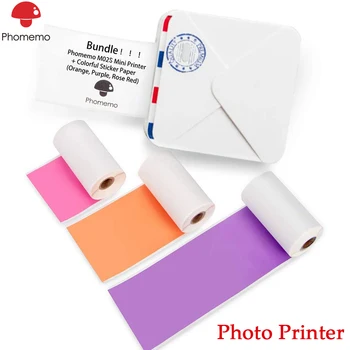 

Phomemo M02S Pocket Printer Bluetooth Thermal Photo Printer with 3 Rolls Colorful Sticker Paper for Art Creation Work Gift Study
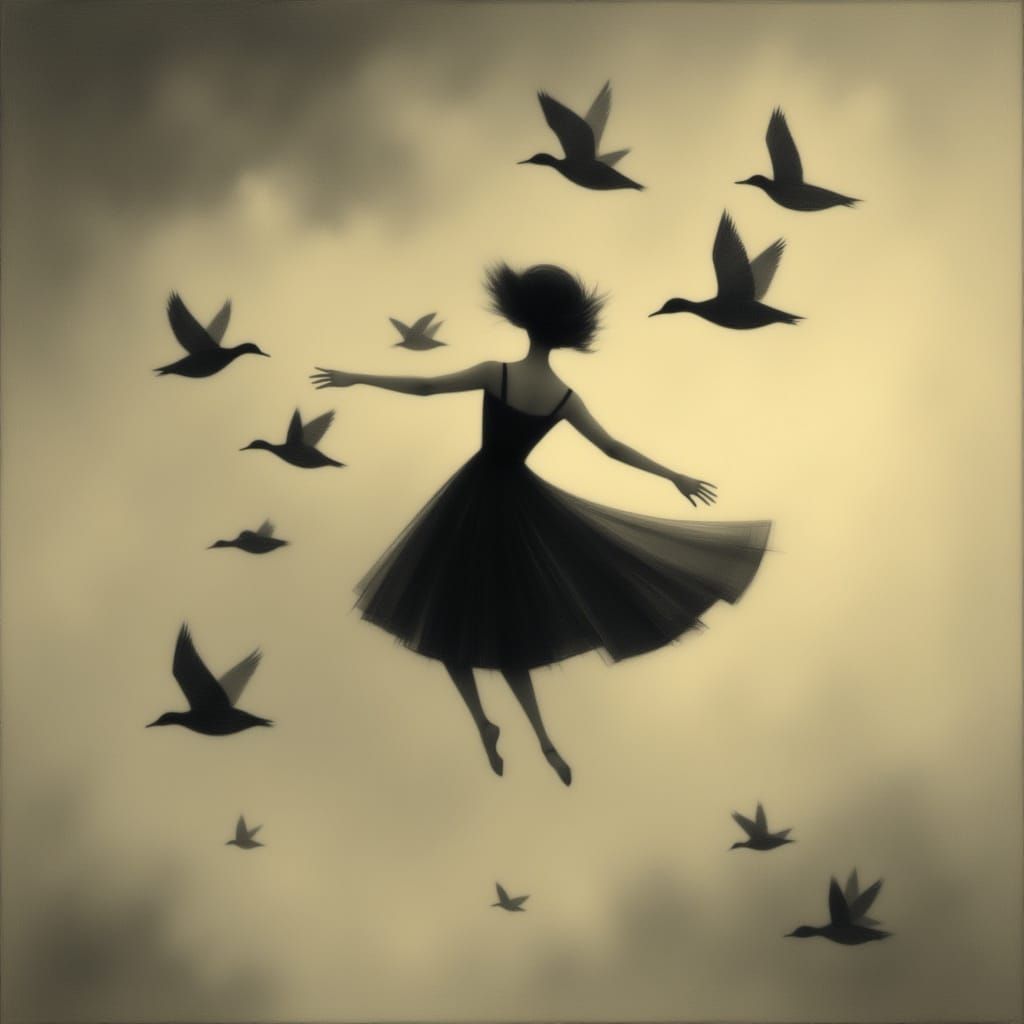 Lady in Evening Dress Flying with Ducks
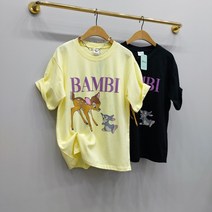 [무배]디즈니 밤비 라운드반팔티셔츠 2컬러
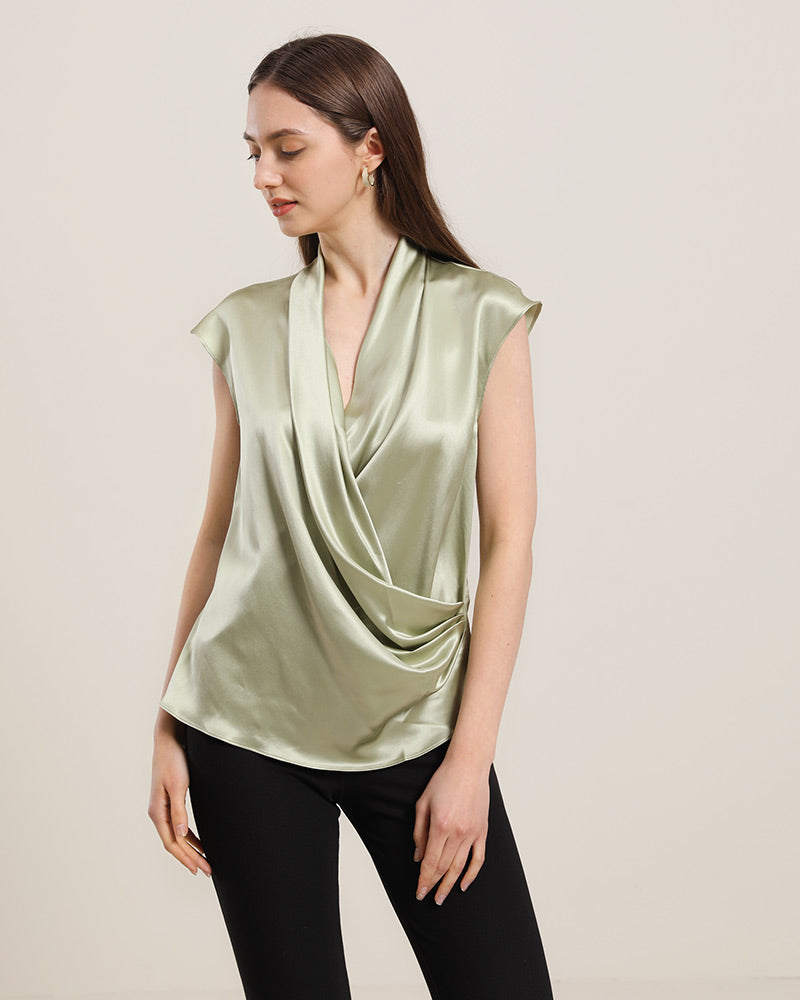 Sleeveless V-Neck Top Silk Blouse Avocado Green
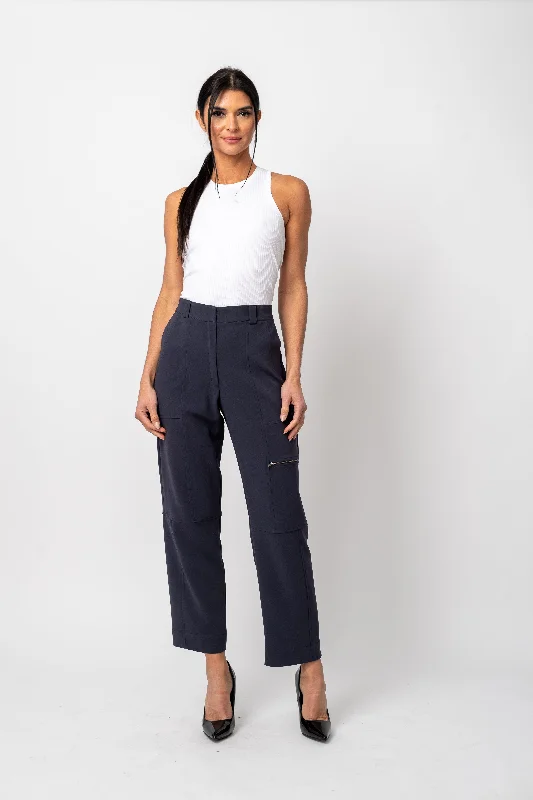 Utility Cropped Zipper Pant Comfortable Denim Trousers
◆ ◆ ◆
EXERCISE AIM:
Write out the material above exactly. Skip the pictures.

THE ANSWER:
Phomemo M02S Pocket Printer Bluetooth Thermal Photo Printer with 3 Rolls Colorful Sticker Paper for Art Creation Work Gift Study
 Lady in Evening Dress Flying with Ducks
 [무배]디즈니 밤비 라운드반팔티셔츠 2컬러
 Sleeveless V-Neck Top Silk Blouse Avocado Green
 Utility Cropped Zipper Pant Comfortable Denim Trousers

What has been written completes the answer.